Brothers M. Mondays in May is our tradition of sharing our excitement about our chickens every Monday in May.
As I said in the last post, more on wire rusts and wood rots. Ten years ago I built 2 chicken tractors and this year some of the chicken wire is rusted beyond protection and the rest is questionable. So to cut to the chase, 9 years is how long my chicken tractor lasted.
One of the two tractors developed holes in the chicken wire late last year, I think from birds landing on it, so I knew I needed to replace some of the wire this year. What I didn’t know was that ants had destroyed the front board of that tractor. Here’ a picture of what I replaced at the 11th hour to get me through this year, one section of wire over the top, new front board, and new chicken wire on the front. The 2nd tractor didn’t have holes yet, so I just added some fencing over the same area I replaced on the first. That will get us through the growing season.

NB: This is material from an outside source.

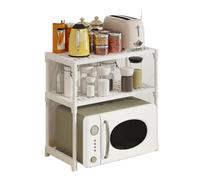 GVNFJKJK Ripiano per microonde Ripiano da appoggio for microonde espandibile in Acciaio al Carbonio a 3 Livelli, Robusto Supporto for microonde Indipendente for riporre la Cucina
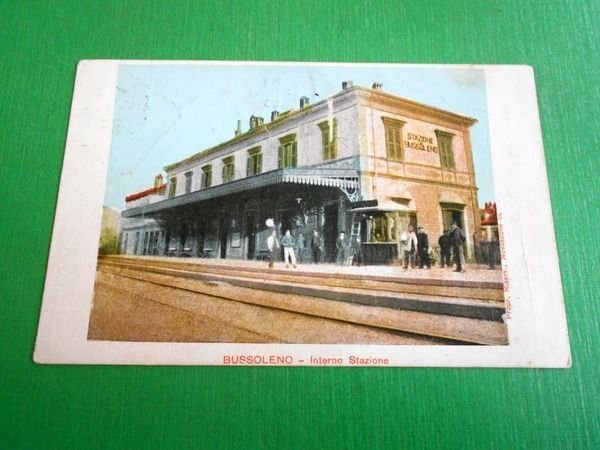 Cartolina Bussoleno - Interno Stazione 1905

Most of the wood frame could probably go another year or two. There’s evidence that ants have started homes in the wood, but most of it still seems solid. Where I went wrong was that I added a board to the front of this chicken tractor because there was a big knot where we pull from. The ants crawled between the boards and got a foot hold. Also, I think the board I added may not have been treated. I probably meant to replace it and forgot.

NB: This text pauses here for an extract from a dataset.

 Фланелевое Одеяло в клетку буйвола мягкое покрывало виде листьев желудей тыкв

Rust is the main factor in rebuilding the chicken tractors. All the chicken wire needs replace. Some would easily break off while the rest is getting there. Here’s a flattened pile of the wire. The top, is the worst place, but the sides are not too far behind. I think next time once it appears the wire may start rusting, I’ll treat it with some anti rust spray.
As I said, I’m not going to repair the old ones, it’s too much work just to get a couple more years. I’ll spray and re-use the cattle panels, re-use the old doors as they have already been replaced once and are easy to replace, but the rest will be new.